In the world of broadcasting, success has traditionally been determined by ratings. Ratings are supposed to measure the size of the audience - something that has been increasingly difficult in an era when programs are aired on multiple networks, may be time-shifted, and accessed through Video-on-Demand and IPTV. (See earlier posts here & here,) This has led to proposals for alternative ways to measure audiences. As the TV advertising market rebounds, and with an increasingly fragmented range of viewing options, advertisers are seeking better information to help place increasingly targeted ads.
Nielsen and CBS are working on shifting to a psychographic model that might be more effective for advertisers.
Optimedia US's Content Power Ratings (CPR) model looks at audience size across delivery systems (TV, Web, and mobile) and includes mentions of the program on social media such as Facebook and Twitter. The CPR is looked at as a better indicator of the level of interest and fan devotion to a program. They're also looking to see whether social media buzz can aid in predicting a show's success. At times, the two rankings match (American Idol was #1 on both) - other times there can be significant differences (Glee is ranked 55 by Nielsen and 2 by CPR, and South Park comes in at 211 on Nielsen, and 4 on CPR).

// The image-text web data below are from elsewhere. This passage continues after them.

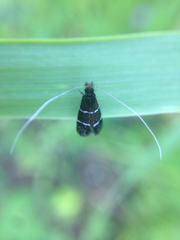 Adela septentrionella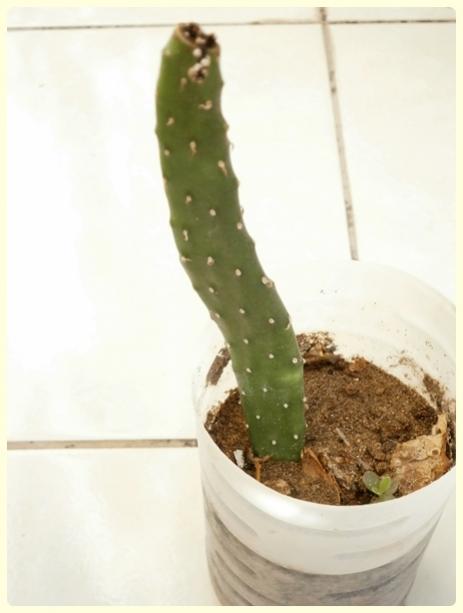 Name:  Opuntia - Kaynana Dili.jpg
Views: 1677
Size:  23.1 KB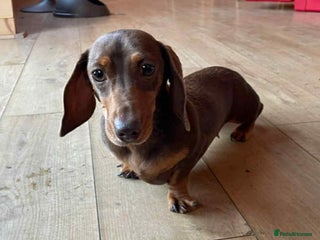 Miniature Dachshund dogs - Advert 31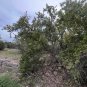 Emory Oak 10 Seeds Quercus emoryi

A third approach is to try to measure the actual effectiveness of advertising. While the effectiveness of a specific spot is really difficult to determine, ad agencies like Universal McCann are developing statistical models combining viewing, sales data, brand attitudes, and broad economic data to help determine how much commercial time to buy, and at what price, to meet specific advertiser goals.
Other advertisers remain skeptical, preferring to remain with the well-established measurement norms.
But the old norms of ratings were never as accurate or precise as they were treated by broadcasters or advertisers, and never directly measured either the audience for, or impact of, specific ads. We're in a world where data abounds, and analytical techniques flourish. It's well past time to try to develop better, and particularly more predictive, measures of the value of advertising spots to the advertiser. Particularly if you want to justify higher prices for those spots (as broadcasters do). It's not clear, yet, whether any of the new metrics are better - but at least they're trying to measure things that are more appropriate for predicting audience interest and/or effectiveness in reaching targeted audiences or in message impact. Both broadcasters and advertisers need to be supportive of these efforts to measure something better that the presence of a warm body before the screen.